__Task requirements__:
In the material below, begin at the line that has "Oh hello, welcome", stop after the line that has "Thank you so much for", and transcribe those lines exactly, without pictures.

__Information__:
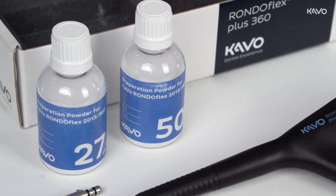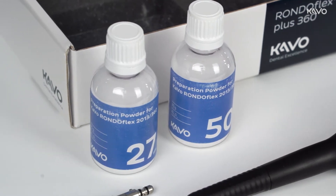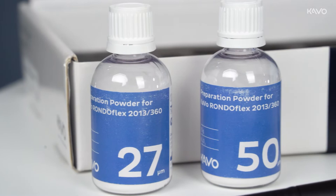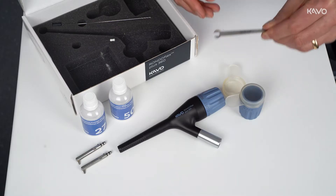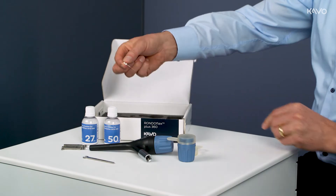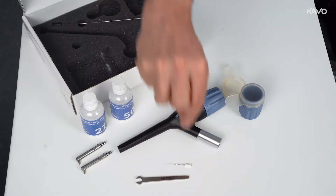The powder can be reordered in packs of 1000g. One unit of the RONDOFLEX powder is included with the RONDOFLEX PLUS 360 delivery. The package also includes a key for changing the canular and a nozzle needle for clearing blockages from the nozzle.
--
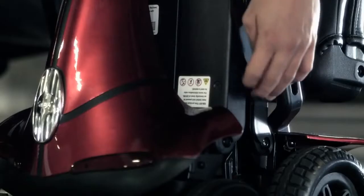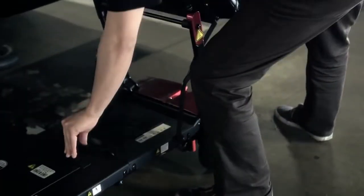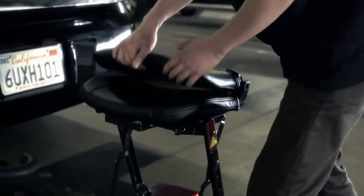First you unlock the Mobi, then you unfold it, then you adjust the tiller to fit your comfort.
* * *
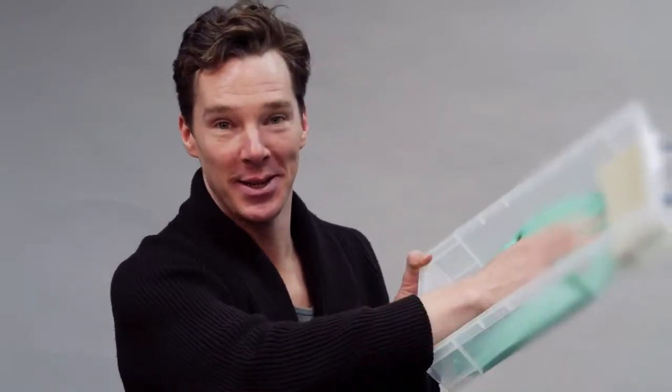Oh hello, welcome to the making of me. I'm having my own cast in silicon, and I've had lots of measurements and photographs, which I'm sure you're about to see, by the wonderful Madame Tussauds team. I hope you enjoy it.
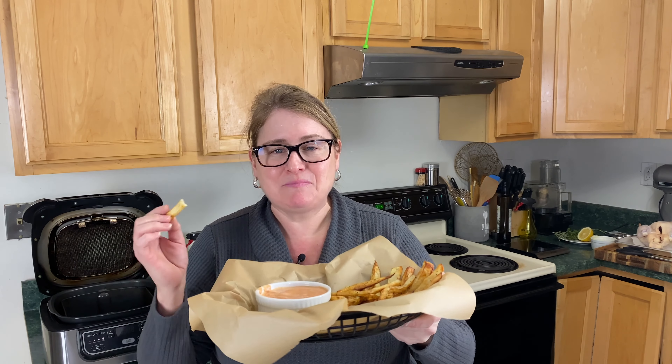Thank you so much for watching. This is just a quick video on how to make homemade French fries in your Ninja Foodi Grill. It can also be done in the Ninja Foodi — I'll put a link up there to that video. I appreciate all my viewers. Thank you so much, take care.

__Task solution__:
Oh hello, welcome to the making of me. I'm having my own cast in silicon, and I've had lots of measurements and photographs, which I'm sure you're about to see, by the wonderful Madame Tussauds team. I hope you enjoy it.
Thank you so much for watching. This is just a quick video on how to make homemade French fries in your Ninja Foodi Grill. It can also be done in the Ninja Foodi — I'll put a link up there to that video. I appreciate all my viewers. Thank you so much, take care.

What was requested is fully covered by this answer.